An den Südhängen des Ermstales wurde bereits am Ende des 11. Jahrhunderts Weinbau betrieben, wie der Mönch Ortlieb in seiner Chronik des Klosters Zwiefalten berichtet. Der Kelternplatz entstand an der Stelle der kürzesten Verbindung zwischen dem Ort und dem Metzinger Weinberg. Bereits 1281 werden die Keltern erstmals urkundlich erwähnt. Ein genaueres Bild lässt sich jedoch erst im 16. und 17. Jahrhundert gewinnen. Damals standen hier neun Keltern. Seit dem Dreißigjährigen Krieg sind es sieben Keltern. Diese gehörten ursprünglich den einzelnen Grundherrschaften und gelangten bis zum 19. Jahrhundert alle in städtischen Besitz. Die Keltern waren Schutzdächer für die darunter stehenden Kelternbäume. Diese waren bis zur Anschaffung einer hydraulischen Presse 1929 in Betrieb. Danach dienten die Keltern als Lagerhallen.
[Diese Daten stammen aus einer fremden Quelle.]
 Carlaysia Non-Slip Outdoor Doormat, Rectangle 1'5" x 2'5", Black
Mit der Renovierung der Keltern zwischen 1976 und 1997 entwickelte sich der Kelternplatz mit der Festkelter, der Stadtbücherei, den beiden Marktkeltern, dem Weinbaumuseum, der Gastronomiekelter und der Vinothek zu einem kulturellen Zentrum in der Stadt.
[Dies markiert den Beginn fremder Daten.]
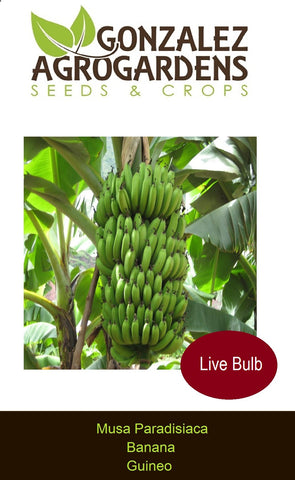 Banana/Guineo Musa paradisiaca Bulb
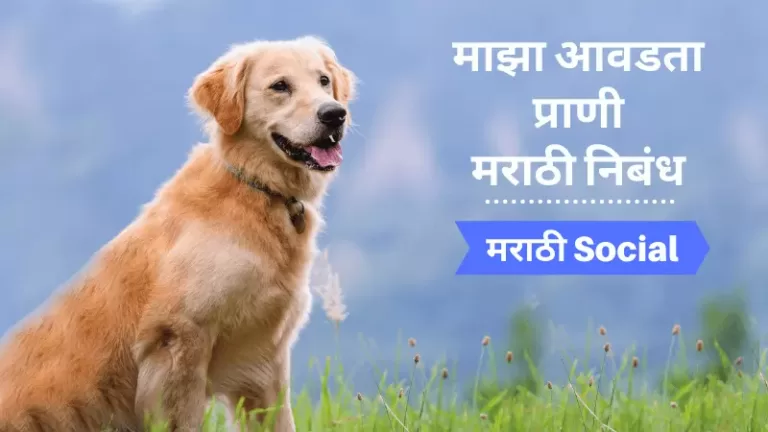 माझा आवडता प्राणी कुत्रा निबंध, Essay On Dog in Marathi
Neue Heiligenkelter oder Kalebskelter

Die Neue Heiligenkelter wurde, wie schon der Name besagt, im Jahr 1690 durch die Metzinger Heiligenpflege errichtet. Diese Jahreszahl samt den Initialen der damaligen Heiligenpfleger weist eine Inschrift am südwestlichen Eckpfosten der Kelter auf. Im Gegensatz zu den meisten anderen Metzinger Keltern besitzt die Neue Heiligenkelter ein Krüppelwalmdach, eine in der Barockzeit beliebte Dachform. Dadurch entstehen an den beiden Schmalseiten zwei leicht vorkragende, ursprünglich verputzte Fachwerkgiebel. Die Tragkonstruktion mit zwei Ständern in der Mitte und Hängewerken entspricht jenem der anderen im 17. Jahrhundert errichteten Metzinger Keltern. Im Inneren der ursprünglich offenen Kelter befanden sich 1758 zwei Kelterbäume. An der südlichen Giebelwand wurden 1887 auf Veranlassung der beiden Metzinger Weingärtnervereine zwei Gemälde von Maler Mayr auf Blechtafeln angebracht, auf dem Josua und Kaleb mit der Weintraube und der heilige Urban, der Schutzpatron der Weingärtner, dargestellt waren. Nach diesem Gemälde erhielt die Kelter den Namen Kalebskelter. Bei der Renovierung im Jahr 1929 wurden die beiden Kelterbäume entfernt und an den Seiten Holzgitterwände und Tore angebracht, um die Kelter als Lagerraum nutzen zu können. Im Jahr 1935 machten die beiden 1907 erneuerten Gemälde einer in Kalk-Kasein auf den Putz aufgemalten Darstellung des Weinbaus vom Traubenlesen bis zum Weinverkauf Platz, die der Reutlinger Maler Anton Geiselhart schuf. Im Jahr 1967 erfolgte der Einbau einer öffentlichen Toilette, doch zu neuem Leben erwachte die Kalebskelter erst mit der durchgreifenden Sanierung in den Jahren 1985 bis 1988. Die Kelter wurde nach Plänen des Architekten Rainfried Rudolf zur Stadtbibliothek umgebaut, unterkellert und mit einer hölzernen Empore versehen, so daß heute auf drei Etagen in Büchern geschmökert werden kann. Anstelle des längst verschwundenen Bildes an der süd-lichen Außenwand trat 1988 ein von Hans Fritz geschaffenes neues Gemälde mit Josua, Kaleb und dem Weintrauben, das sich an der Darstellung von 1887 orientiert. Die Kalebskelter ist heute das belebende und kommunikative Element auf dem Kelternplatz.